Essa atividade intensa, barulhenta e rápida, internalizada nas pessoas, produz um ser inquieto, se não está trabalhando eficientemente, rapidamente, cumprindo suas metas, cada vez mais exigente consigo mesmo – da meta à superação – está andando, conversando, comprando, viajando, visitando, “atuando”, “fazendo”.
Muitos gerúndios…
A voz que eu daria à pandemia grita: “pare”, “sossegue um pouco”, “cale a boca”, “entre em reflexão quanto ao ritmo de sua vida”, “faça uma análise de suas rotinas e veja quanto tempo foi dedicado a viver, e quanto a produzir”, “compare sua necessidade de produção com a de viver, e veja o que está fazendo com sua vida, agora que estamos em tempos de espreita da morte”.
Enfim, o que as pessoas que estão com seu trabalho suspenso pelo isolamento social precisam fazer? Devem espelhar-se em Boccaccio? Shakespeare? Newton? Afinal, é mesmo preciso apresentar um produto ao pós-pandemia?
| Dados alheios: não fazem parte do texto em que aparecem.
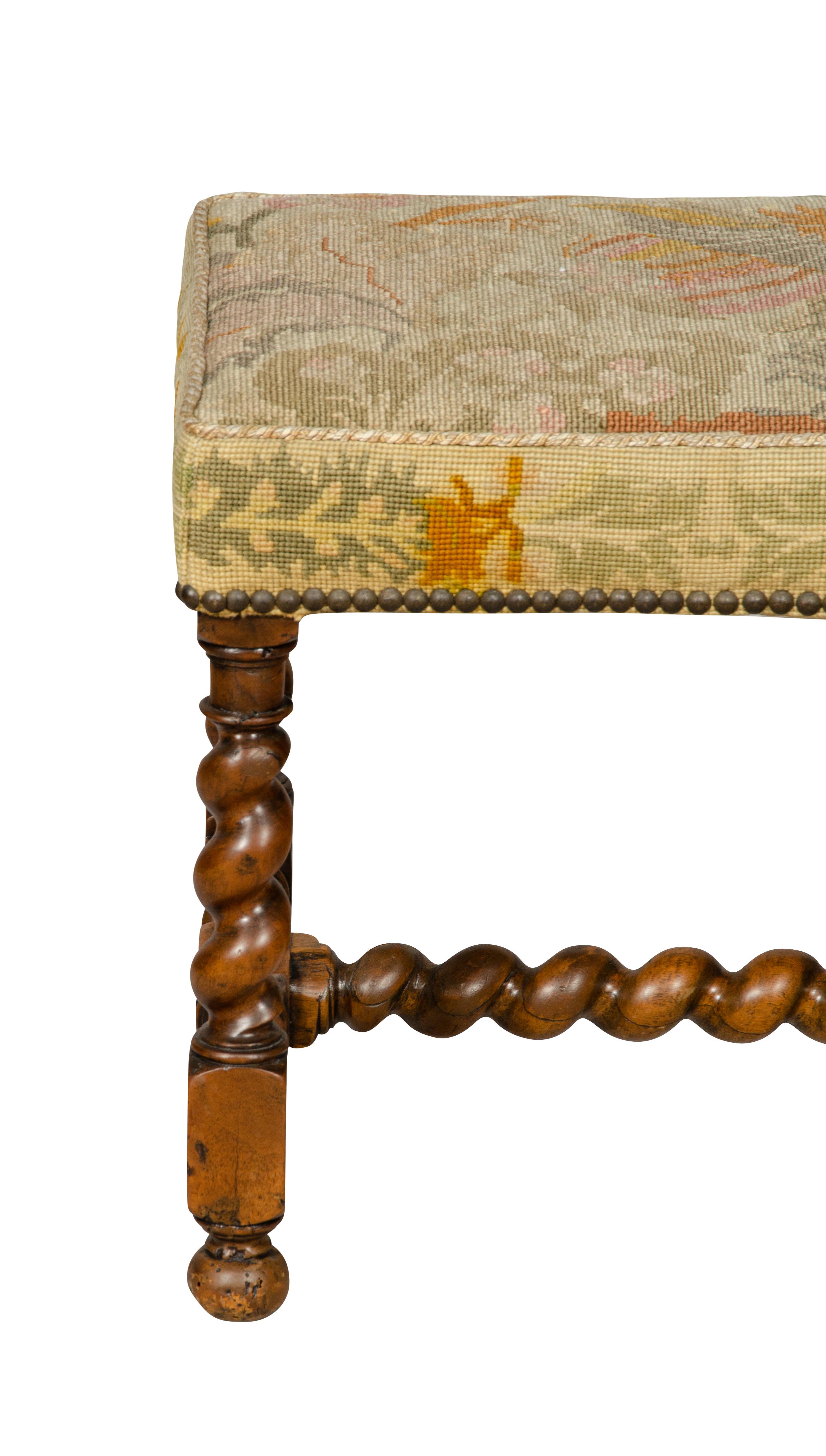 Flemish Baroque Walnut Footstool For Sale 3
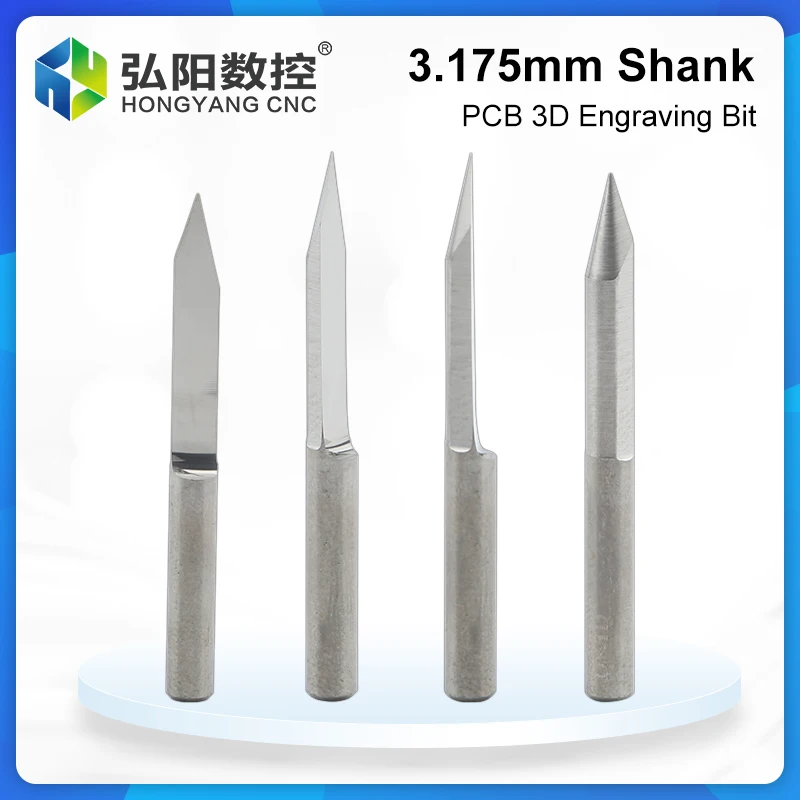 PCB Engraving Bit 3.175mm Shank Carbide CNC Router Drill Bit Flat Bottom V-Shaped End Mill Wood Acrylic 3D Milling Cutter
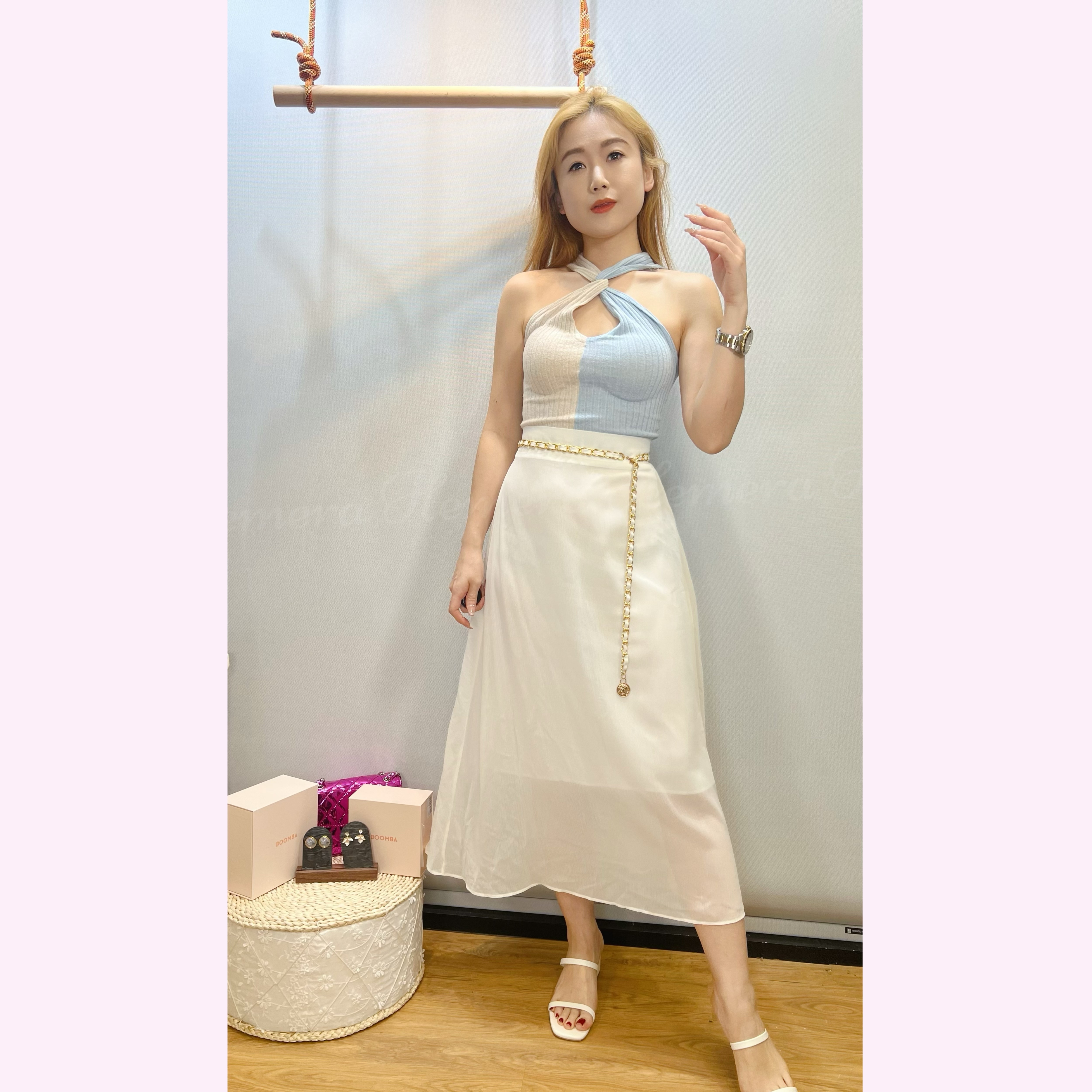 SK24S0825 雪紡中長版百搭半身裙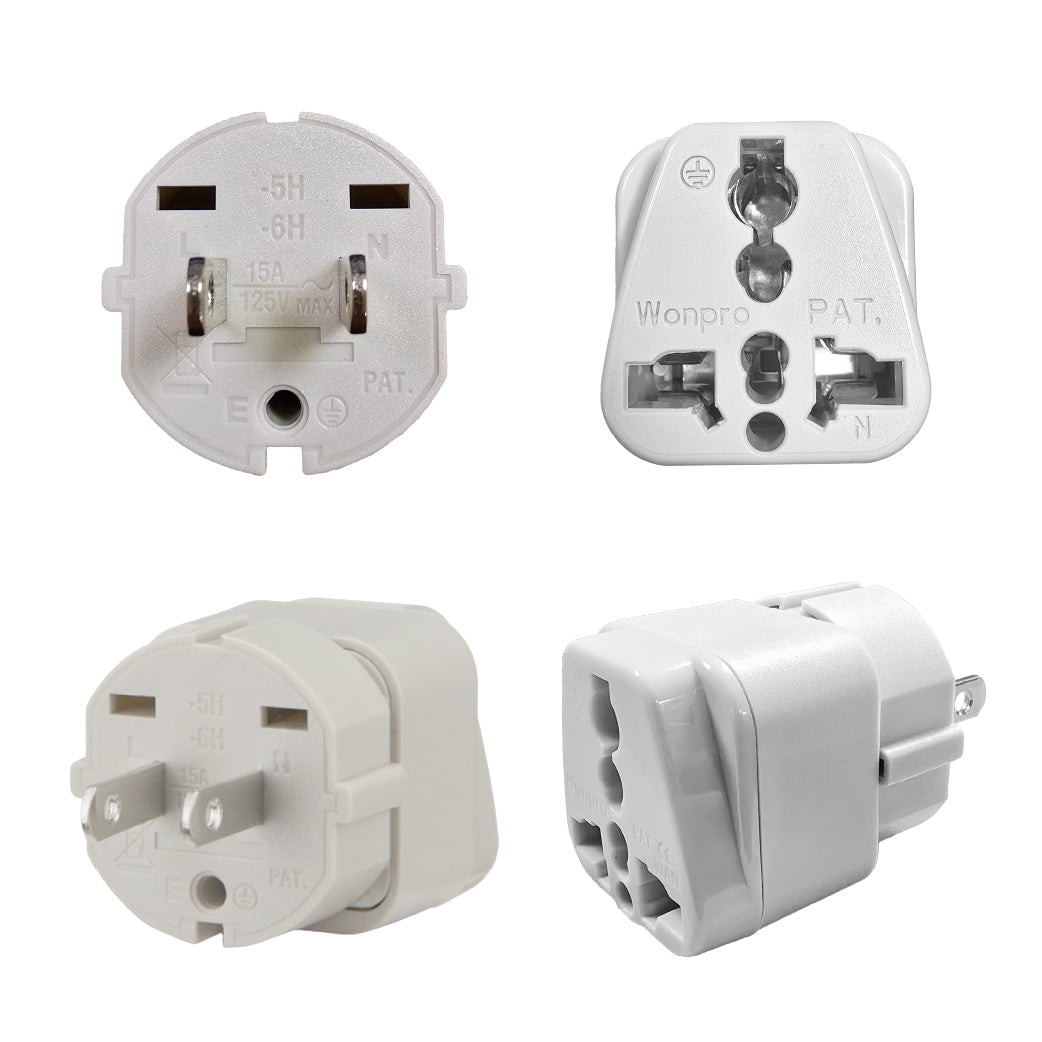 ADAPTADOR UNIVERSAL ESPIGA PLANA 15A 125V COLOR GRIS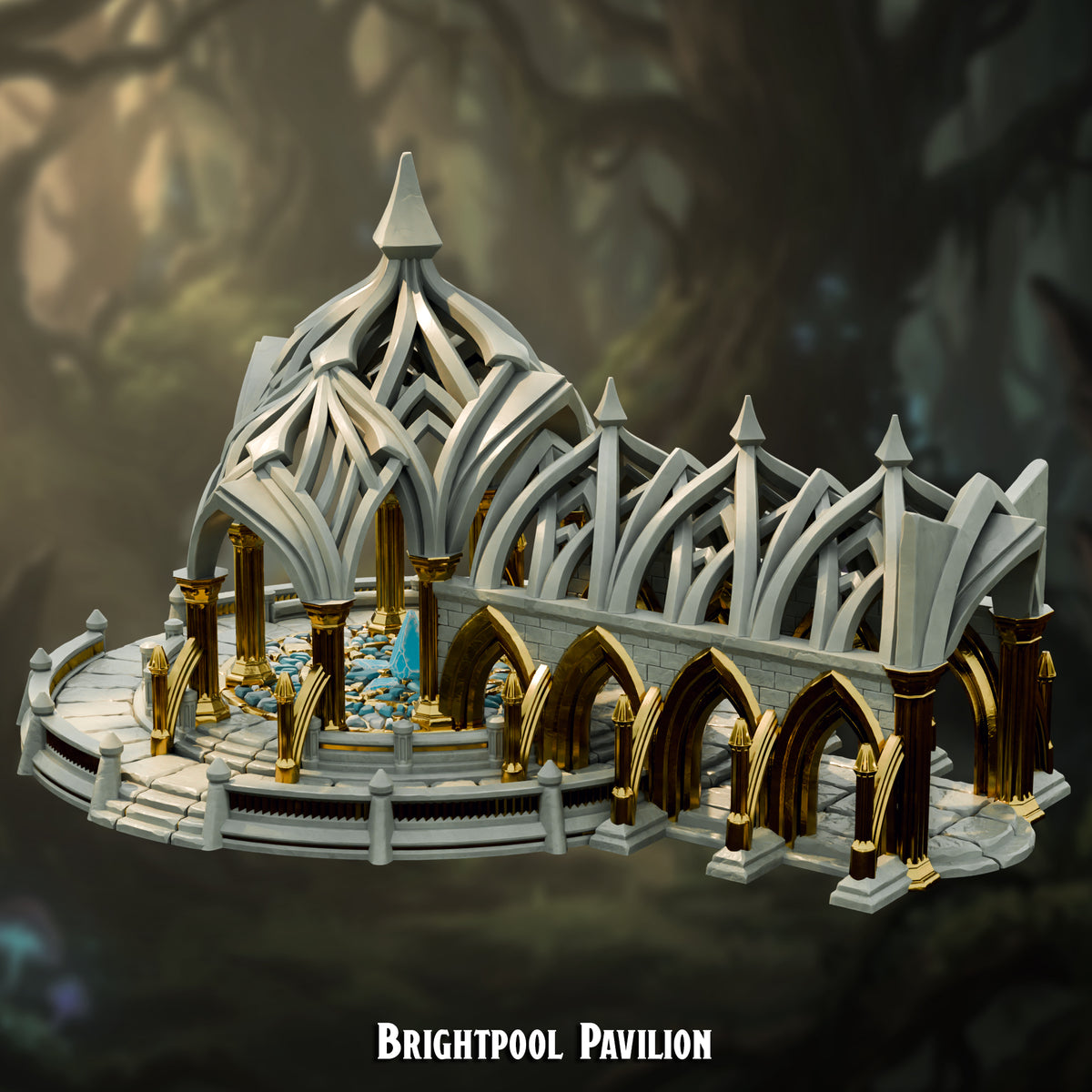 Brightpool Pavilion fey elf terrain, a columned dome over a crystal pool with a gold-arched colonnade wing, 3D printed at 30mm by The Printing Goes Ever On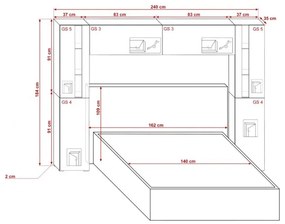 Prince Panama 8 hálószoba bútor magasfényű fehér (240cm)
A meu ver, as pessoas precisam mesmo é se manterem vivas, com saúde, inclusive, e por que não dizer principalmente, mental. Cuidar de sua própria vida, fazer o exercício de se libertar de grandes necessidades que o escravizavam, a exemplo da hegeliana Dialética do Senhor e do Escravo. Perscrutar-se.
Em minha reflexão percebo os equívocos que vivíamos: um mundo frenético, se retroalimentando constantemente de seu próprio frenesi, atônito frente à pandemia e à importância do sujeito dar conta de si e de seu próprio mundo objetivo, à sua maneira, subjetivamente. Sua higiene, sua aparência, sua casa, seus livros, discos, brinquedos, seus animais, plantas, seu mundo derredor, seus próximos (incluindo pais, filhos, irmãos, agregados, vizinhos), ou seja, seu próprio contentamento, em todas as dimensões, entregue a você mesmo.
Pós-Coronavírus é difícil de imaginar, até por que pós é uma afirmação otimista de que, ele passará e nós passarinhos, e a ciência ainda tateia no escuro, mas presumo que: higiene – como hábito e possibilidade garantida a todas as classes sociais, controle de aglomeração pela garantia do espaço individual, confortável e seguro, formas de servir e ser servido, conviver (no sentido de viver com), alteridade, generosidade, solidariedade são para toda a vida e não só nas crises. Muitas das descobertas de novas formas de trabalhar e se relacionar que estão sendo construídos na pandemia precisam ser transformadas em rotinas.
Nesses pós, a pressa deve ser sacrificada e traduzida na atitude do sujeito comum, em esperar um próximo coletivo, se o primeiro chegar e não tiver acento; preferir andar a pé ou de bicicleta, cultivar o tempo para a convivência. Podemos chamar de curtir a viagem.
O consumo deverá ser considerado, pesado, medido sua necessidade e, acima de tudo, o mundo íntimo deve ter uma importância maior que o mundo externo.
Entender o movimento em sua dialética harmônica, como processo criador e por isso delicado, com seu próprio tempo de ida e de vinda, para saborear a vida em suas múltiplas faces de alegria, tristeza, facilidades e dificuldades, com a solidez de um ser em seu mundo bem construído e seguro, à revelia das circunstâncias, é muito mais heracliano, nos colocando partícipes da criação.